There's a good amount of work that needs to be done here, but the good news is that through my research I have found it to be... doable!

VM Coverage

VM coverage can be gathered through the dart-lang/coverage package, it just needs to be integrated into the test package. This is sitting behind #1082 however, as the VM needs to be run in debug mode in order to gather that coverage, from what I could see. The dart-lang/coverage package will allow us to gather and format coverage into lcov, so it's pretty much a turnkey solution.

Chrome Coverage

For Chrome coverage it gets a little more complicated, we need to integrate some APIs for working with the Chrome "Profiler" protocol (which is what allows us to gather coverage). That's described in dart-lang/webdev#674. Once that's done, it's a much more involved process:

Concerns with DWDS:

Concerns with Chrome's coverage report

General concerns

My last concern comes with combining the coverage reports.
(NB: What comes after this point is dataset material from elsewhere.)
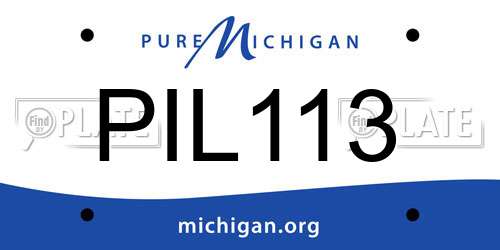 PIL113 Michigan License Plate
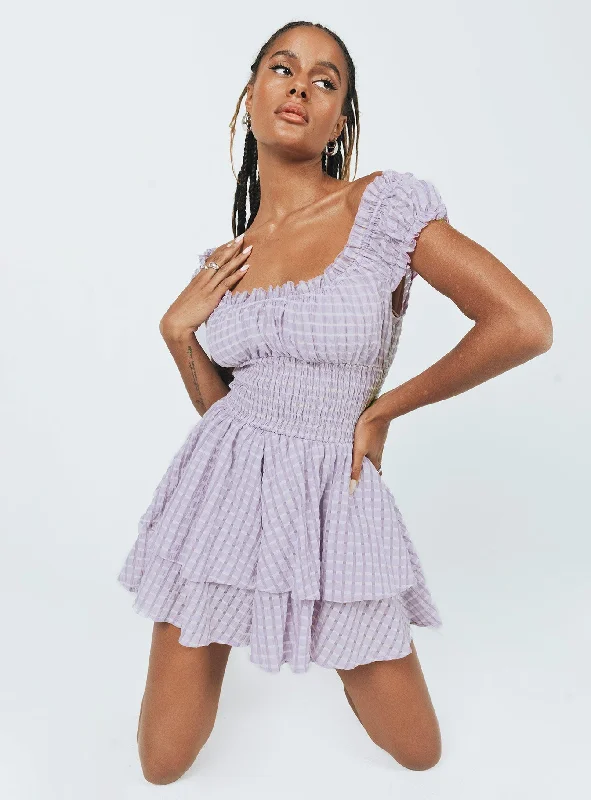 The Love Galore Playsuit Purple Gingham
The easiest solution would be to just to spit out multiple lcov reports, considering that the separate reports might be useful ("was this test covered in VM but not Browser?") and lcov has utilities for combining reports: https://wiki.documentfoundation.org/Development/Lcov#Combine_lcov_tracefiles

However, I'm far from an expert on that front, so I'd be happy if anyone has strong opinions about the output of a potential test package coverage flag!

Updates

That's all I've got for today. This is definitely something that's on our radar, but is not prioritized or categorized at the moment. I can update when I have more news or code ready.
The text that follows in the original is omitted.